AI finds war crimes and violations in the Philippines
Amnesty International (AI) [advocacy site] on Friday released a report [press release] detailing humanitarian crisis incidents that may amount to war crimes in the Philippines. The report [report, PDF link] is titled ‘The Battle of Marawi’: Death and destruction in the Philippines and is a look at the five month battle that occurred in Marawi earlier this year. AI found that during the siege of Marawi[JURIST report], civilians were murdered while the the Philippine army battled the Islamic State for control. From being used as hostages to human shields only to escape and face torture, the civilians of Marawi faced circumstances that violated international humanitarian law (IHL).Militants often executed Christians at de facto checkpoints, which the Christians were approaching in order to exit the city.

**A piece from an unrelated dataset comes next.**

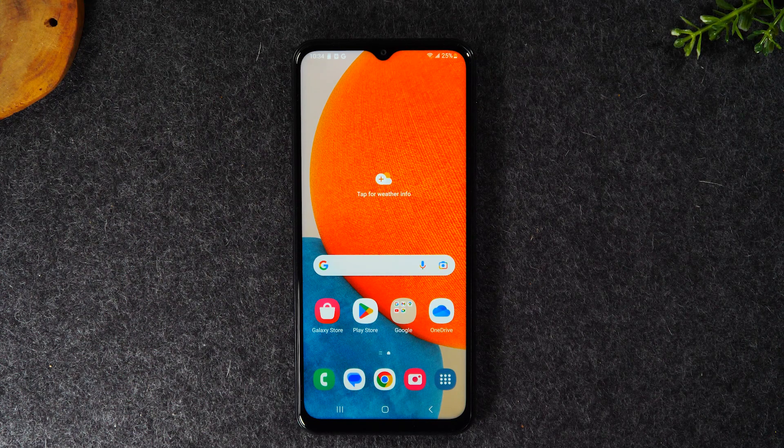Welcome back to another video. I'm your tech guide Wayne. Today I want to show you how to install your memory card on your Samsung Galaxy A23, and I want to show you some important tweaks you'll want to make once you install that memory card to make sure that your files are being stored on the memory card. So let's start.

Militants usually performed the killings with a pistol, a rifle, or by cutting the victim’s throat. Journalists have reported cases where civilians were beheaded. Most victims were shot and killed immediately after being questioned by the militants. Most victims were shot and killed while standing or kneeling on the ground; some were shot and killed while running away.
The instances of extrajudicial execution and other forms of direct targeting of civilians by militants documented in this report are clear violations of the cardinal rule of distinction in IHL and amount to war crimes.
AI found that while Christians were the main targets, all civilians were caught in the crossfire during the battles and were subjected to having their homes destroyed through aerial attacks carried out by government forces.Philippine government forces violated the prohibition against torture and other ill-treatment of detainees, and likely committed pillage. Government forces may also have carried our disproportionate air and ground attacks. The conflict in Marawi City between Philippine government forces and armed non-State actors is classified as a non-international armed conflict (NIAC) under international law. Parties to NIACs are bound by treaty-based and customary IHL. In particular, they are required to observe both Article 3 of the Geneva conventions and Additional Protocol II to the Geneva Conventions.